Les propos d'Alexandre Astier au sujet de l'intelligence artificielle risquent de déplaire à bon nombre de lecteurs... Le créateur de l'emblématique série Kaamelott a récemment confié son opinion sur l'arrivée des algorithmes dans la conception littéraire des films et des séries. Lui qui n'a pas hésité à créer un robot pour l'aider dans l'écriture du second volet de l'adaptation cinématographique de son oeuvre burlesque sur le roi Arthur et les chevaliers de la Table ronde va aujourd'hui encore plus loin. On vous explique.
Un sujet brulant
Le sujet est brûlant. Actuellement impactée par un important mouvement social, l’industrie du cinéma et de la télévision américaine subit de plein fouet la grève de milliers de scénaristes. C'est la deuxième fois en quinze ans qu'Hollywood traverse une telle crise. Les protestations des auteurs sont en partie motivées par la crainte de se faire remplacer par des intelligences artificielles comme ChatGPT. Le site Above the line détaille notamment que plusieurs studios sont en train de "réfléchir à l'idée d'utiliser l'IA pour générer des scénarios basés sur des livres ou d'autres œuvres qui sont tombés dans le domaine public." On peut également lire que "quasiment tous les studios explorent cette possibilité", qui pourrait être "officiellement développée dans les mois ou années à venir". Des scripts générés par de l'intelligence artificielle qui seraient ensuite remaniés par de vrais scénaristes (humains).

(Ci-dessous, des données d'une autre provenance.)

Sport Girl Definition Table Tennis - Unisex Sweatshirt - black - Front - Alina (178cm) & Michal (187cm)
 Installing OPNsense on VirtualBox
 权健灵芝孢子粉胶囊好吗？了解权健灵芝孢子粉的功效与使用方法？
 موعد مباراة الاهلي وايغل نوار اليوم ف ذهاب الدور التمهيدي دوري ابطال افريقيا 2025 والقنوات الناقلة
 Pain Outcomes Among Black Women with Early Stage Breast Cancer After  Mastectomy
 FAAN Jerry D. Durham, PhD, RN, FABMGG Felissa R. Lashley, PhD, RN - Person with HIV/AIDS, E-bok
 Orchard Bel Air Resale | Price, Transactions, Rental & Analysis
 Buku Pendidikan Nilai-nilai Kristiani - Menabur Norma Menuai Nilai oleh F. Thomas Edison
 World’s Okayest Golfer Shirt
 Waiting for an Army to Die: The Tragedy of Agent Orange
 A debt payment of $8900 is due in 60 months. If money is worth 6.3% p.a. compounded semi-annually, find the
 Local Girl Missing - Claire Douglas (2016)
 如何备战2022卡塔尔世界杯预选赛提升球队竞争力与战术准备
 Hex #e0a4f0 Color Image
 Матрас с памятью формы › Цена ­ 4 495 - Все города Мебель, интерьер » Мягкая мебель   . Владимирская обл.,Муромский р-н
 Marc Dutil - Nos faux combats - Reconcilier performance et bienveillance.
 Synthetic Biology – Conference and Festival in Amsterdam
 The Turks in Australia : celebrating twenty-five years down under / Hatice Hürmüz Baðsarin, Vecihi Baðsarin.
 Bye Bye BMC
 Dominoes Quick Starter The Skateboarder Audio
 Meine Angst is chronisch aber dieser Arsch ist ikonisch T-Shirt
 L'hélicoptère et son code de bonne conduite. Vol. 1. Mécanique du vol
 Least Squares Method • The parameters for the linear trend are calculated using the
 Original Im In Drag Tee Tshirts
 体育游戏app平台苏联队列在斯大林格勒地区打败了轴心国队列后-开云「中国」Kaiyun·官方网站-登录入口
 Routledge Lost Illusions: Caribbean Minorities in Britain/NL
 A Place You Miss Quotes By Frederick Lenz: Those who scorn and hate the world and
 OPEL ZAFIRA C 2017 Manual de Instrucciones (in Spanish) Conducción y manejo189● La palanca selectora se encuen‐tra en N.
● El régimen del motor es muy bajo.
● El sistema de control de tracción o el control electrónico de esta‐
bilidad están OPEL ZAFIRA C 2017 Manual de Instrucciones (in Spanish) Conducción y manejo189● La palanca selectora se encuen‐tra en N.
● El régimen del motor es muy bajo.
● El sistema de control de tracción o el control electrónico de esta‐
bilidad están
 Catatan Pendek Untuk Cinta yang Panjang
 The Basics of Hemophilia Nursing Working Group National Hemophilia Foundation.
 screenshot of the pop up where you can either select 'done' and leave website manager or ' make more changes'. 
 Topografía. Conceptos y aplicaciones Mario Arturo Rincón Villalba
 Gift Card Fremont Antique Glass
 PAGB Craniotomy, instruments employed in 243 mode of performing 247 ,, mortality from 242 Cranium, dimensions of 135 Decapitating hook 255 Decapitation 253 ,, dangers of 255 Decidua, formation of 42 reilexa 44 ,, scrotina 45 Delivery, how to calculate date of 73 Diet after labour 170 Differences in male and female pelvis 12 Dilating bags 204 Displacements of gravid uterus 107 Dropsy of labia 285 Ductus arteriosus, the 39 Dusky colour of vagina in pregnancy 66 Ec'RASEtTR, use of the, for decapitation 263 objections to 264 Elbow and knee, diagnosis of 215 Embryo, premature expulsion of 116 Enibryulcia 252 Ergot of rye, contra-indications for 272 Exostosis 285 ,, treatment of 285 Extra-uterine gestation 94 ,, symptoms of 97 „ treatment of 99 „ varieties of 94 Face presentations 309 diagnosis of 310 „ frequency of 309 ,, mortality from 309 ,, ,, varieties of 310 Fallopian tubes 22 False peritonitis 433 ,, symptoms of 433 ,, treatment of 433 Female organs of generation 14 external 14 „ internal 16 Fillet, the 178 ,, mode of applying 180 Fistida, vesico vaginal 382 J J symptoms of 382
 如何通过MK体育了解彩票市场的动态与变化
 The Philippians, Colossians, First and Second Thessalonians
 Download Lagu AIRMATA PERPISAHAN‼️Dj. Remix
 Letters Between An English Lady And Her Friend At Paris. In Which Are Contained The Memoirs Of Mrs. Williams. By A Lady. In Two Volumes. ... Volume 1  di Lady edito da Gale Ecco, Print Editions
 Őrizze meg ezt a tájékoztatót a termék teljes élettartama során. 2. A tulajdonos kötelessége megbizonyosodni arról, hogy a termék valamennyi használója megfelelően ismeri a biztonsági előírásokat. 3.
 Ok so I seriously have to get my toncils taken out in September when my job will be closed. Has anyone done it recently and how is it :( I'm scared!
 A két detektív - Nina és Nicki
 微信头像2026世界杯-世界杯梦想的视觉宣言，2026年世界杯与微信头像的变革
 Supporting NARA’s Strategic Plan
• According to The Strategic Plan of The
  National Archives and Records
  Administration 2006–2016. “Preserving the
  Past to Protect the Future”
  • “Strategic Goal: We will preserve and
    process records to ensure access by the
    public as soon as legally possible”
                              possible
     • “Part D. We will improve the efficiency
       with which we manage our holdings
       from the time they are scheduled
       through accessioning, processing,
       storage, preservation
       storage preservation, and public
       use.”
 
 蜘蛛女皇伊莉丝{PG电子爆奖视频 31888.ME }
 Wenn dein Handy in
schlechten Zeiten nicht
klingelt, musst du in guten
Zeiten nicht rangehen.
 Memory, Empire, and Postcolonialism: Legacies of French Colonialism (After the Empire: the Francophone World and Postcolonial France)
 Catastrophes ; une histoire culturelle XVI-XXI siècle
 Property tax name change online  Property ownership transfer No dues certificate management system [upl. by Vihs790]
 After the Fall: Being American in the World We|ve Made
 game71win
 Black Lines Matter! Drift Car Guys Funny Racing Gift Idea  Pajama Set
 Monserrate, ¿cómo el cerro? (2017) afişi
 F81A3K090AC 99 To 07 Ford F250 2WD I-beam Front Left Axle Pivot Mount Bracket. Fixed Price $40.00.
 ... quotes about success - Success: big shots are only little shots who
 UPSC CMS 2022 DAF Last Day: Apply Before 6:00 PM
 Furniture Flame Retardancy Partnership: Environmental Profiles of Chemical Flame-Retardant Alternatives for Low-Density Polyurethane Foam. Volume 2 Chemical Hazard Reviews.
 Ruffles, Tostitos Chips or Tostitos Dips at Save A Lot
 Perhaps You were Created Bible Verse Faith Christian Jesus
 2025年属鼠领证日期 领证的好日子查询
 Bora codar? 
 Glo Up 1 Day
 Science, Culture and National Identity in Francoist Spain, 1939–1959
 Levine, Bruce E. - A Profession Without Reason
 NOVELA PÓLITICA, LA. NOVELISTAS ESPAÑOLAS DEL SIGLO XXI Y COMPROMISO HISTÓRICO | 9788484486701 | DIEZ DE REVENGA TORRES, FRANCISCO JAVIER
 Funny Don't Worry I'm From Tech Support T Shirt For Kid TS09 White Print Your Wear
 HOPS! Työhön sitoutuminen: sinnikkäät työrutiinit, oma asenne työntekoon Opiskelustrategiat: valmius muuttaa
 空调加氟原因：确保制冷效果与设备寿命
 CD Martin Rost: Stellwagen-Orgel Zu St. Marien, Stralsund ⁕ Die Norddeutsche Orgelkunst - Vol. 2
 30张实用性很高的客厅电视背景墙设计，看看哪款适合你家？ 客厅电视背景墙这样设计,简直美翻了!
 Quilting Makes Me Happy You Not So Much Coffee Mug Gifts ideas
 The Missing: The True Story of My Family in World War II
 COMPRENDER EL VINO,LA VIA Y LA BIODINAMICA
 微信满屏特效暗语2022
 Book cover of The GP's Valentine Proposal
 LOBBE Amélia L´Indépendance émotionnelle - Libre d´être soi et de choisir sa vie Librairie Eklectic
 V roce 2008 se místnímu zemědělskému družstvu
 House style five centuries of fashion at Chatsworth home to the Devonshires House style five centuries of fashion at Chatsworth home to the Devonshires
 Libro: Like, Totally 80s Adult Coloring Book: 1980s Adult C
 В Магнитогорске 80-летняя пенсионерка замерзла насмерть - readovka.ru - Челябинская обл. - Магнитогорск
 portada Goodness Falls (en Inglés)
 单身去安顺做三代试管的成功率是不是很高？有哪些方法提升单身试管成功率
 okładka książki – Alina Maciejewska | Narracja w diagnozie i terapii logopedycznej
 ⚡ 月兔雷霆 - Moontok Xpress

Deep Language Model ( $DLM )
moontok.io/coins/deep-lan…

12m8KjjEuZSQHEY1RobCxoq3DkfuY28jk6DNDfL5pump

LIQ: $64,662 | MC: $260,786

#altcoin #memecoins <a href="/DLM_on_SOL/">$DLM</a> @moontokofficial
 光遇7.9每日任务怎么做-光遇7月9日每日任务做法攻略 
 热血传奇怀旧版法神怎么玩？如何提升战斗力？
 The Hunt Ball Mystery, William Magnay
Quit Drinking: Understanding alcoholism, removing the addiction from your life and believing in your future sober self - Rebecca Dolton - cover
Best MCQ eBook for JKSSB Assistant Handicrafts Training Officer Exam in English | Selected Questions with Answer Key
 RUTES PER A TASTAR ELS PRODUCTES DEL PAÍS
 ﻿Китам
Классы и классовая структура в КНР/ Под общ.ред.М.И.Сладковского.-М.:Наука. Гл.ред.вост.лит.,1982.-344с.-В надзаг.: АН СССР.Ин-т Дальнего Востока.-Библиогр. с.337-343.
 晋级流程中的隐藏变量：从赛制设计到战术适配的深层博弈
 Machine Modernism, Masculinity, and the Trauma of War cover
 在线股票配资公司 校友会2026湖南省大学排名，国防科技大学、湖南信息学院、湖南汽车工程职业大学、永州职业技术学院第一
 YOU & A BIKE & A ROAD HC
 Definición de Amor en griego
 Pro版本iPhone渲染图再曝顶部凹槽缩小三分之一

Récemment interviewé par nos confrères du HuffPost, Alexandre Astier, auquel on doit Kaamelott, bien sûr, mais aussi Astérix - Le Secret de la Potion Magique, a expliqué son avis sur l’IA. À 48 ans, l'acteur, scénariste et réalisateur français a bien roulé sa bosse devant et derrière les caméras. Lui ne voit pas l'arrivée de cette technologie uniquement d'un mauvais oeil, soulignant ses avantages encyclopédiques :
Pour ce qui est de mon métier, je trouve pour commencer que l’IA dit beaucoup de bêtises. Si l’on parle de ChatGPT, il se contredit, avance des choses comme des vérités puis revient dessus une fois qu’on lui a expliqué que c’était faux. Il va vous répondre « Ah oui pardon, je me suis trompé » et se corriger. Mais si on le questionne quinze fois de suite, on peut arriver à quinze « pardon je me suis trompé ». Et c’est logique puisqu’il est nourri de choses vraies, mais aussi de fausses. Si c’était une vraie conversation, on arrêterait très vite de parler avec une personne comme ça. Pour le moment, ChatGPT a tout de même de grands talents, et notamment cette érudition fixe et figée. Il est relativement encyclopédique, pour peu qu’on n’aille pas chercher uniquement chez lui. Il est par exemple toujours moins bon que le dictionnaire de l’Académie française ou le Grevisse sur la grammaire.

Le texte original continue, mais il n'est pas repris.